What's wanted is each entry repeated verbatim, minus its images.

(Captioned web image data)
Segment Open

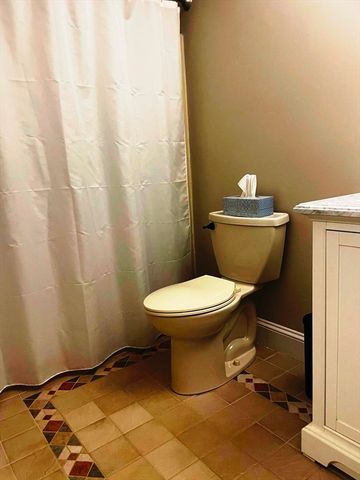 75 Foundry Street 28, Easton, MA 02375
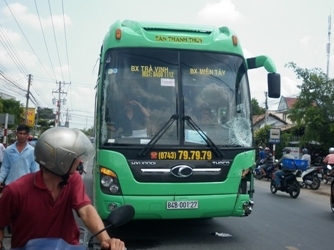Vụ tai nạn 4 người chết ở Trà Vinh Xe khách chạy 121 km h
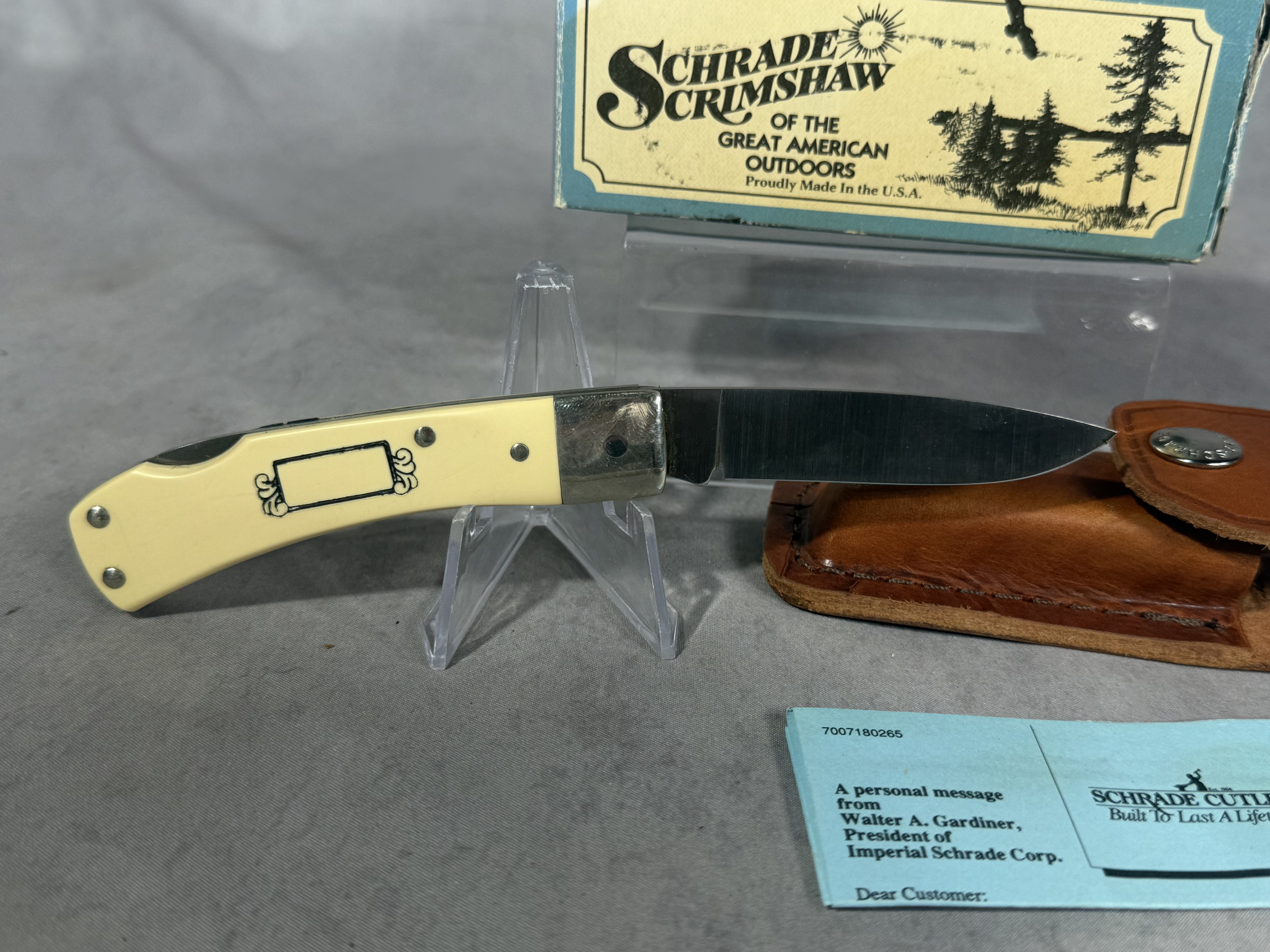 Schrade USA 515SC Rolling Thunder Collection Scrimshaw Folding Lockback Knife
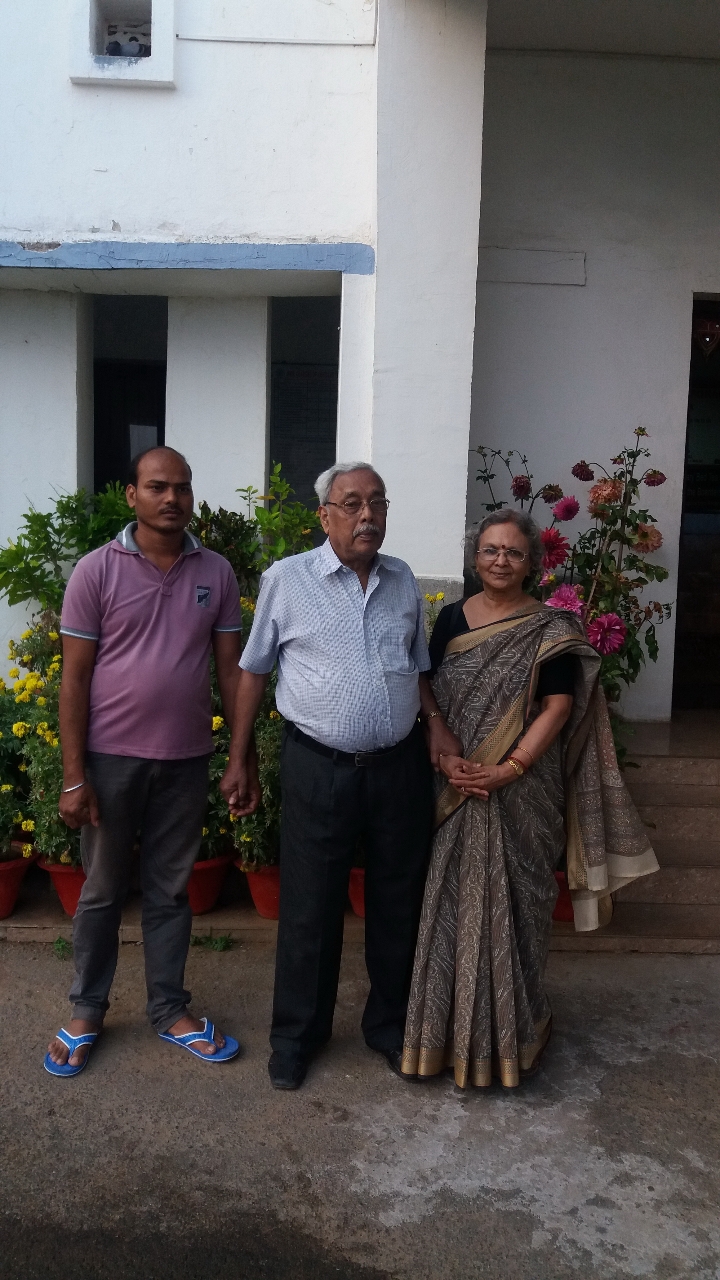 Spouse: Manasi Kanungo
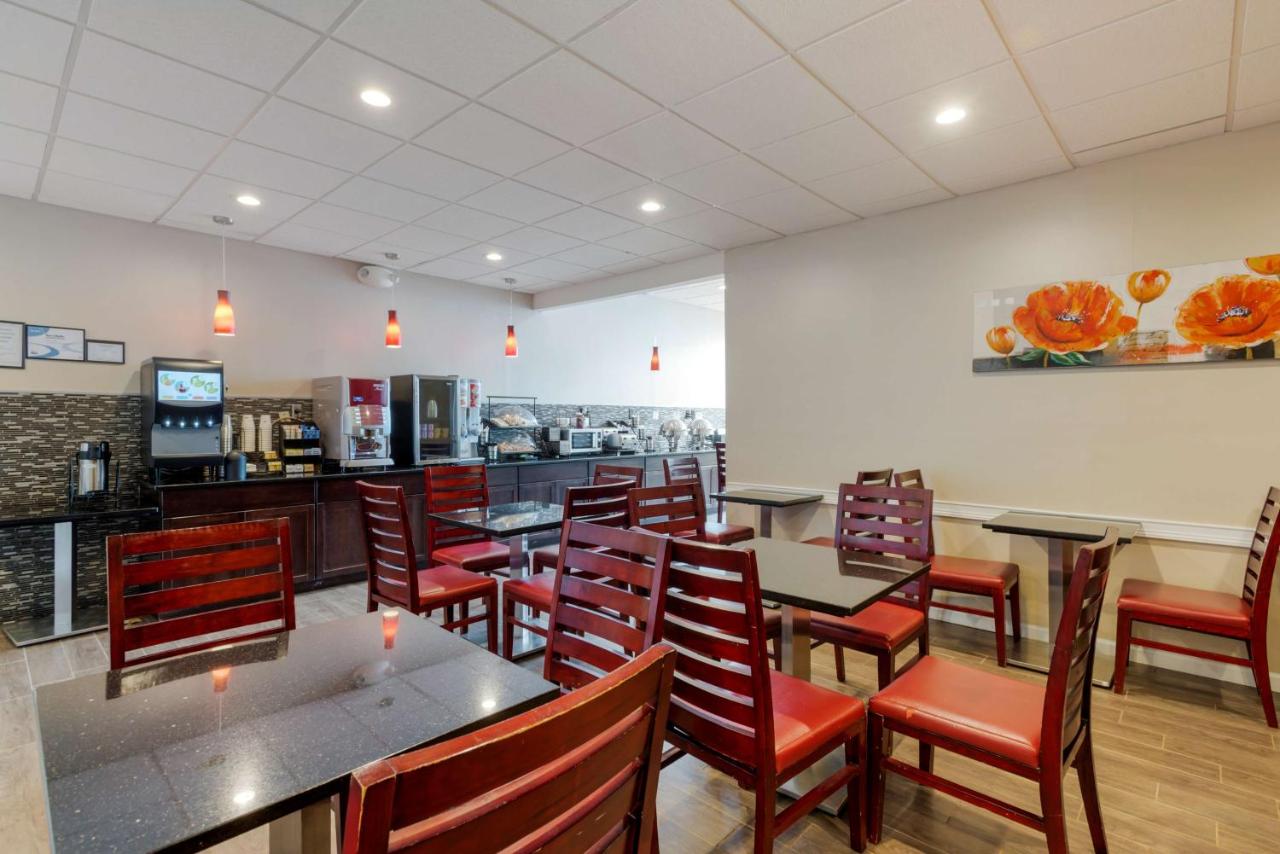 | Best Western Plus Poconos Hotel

Segment Closed

**Your response:**
 75 Foundry Street 28, Easton, MA 02375
Vụ tai nạn 4 người chết ở Trà Vinh Xe khách chạy 121 km h
 Schrade USA 515SC Rolling Thunder Collection Scrimshaw Folding Lockback Knife
 Spouse: Manasi Kanungo
 | Best Western Plus Poconos Hotel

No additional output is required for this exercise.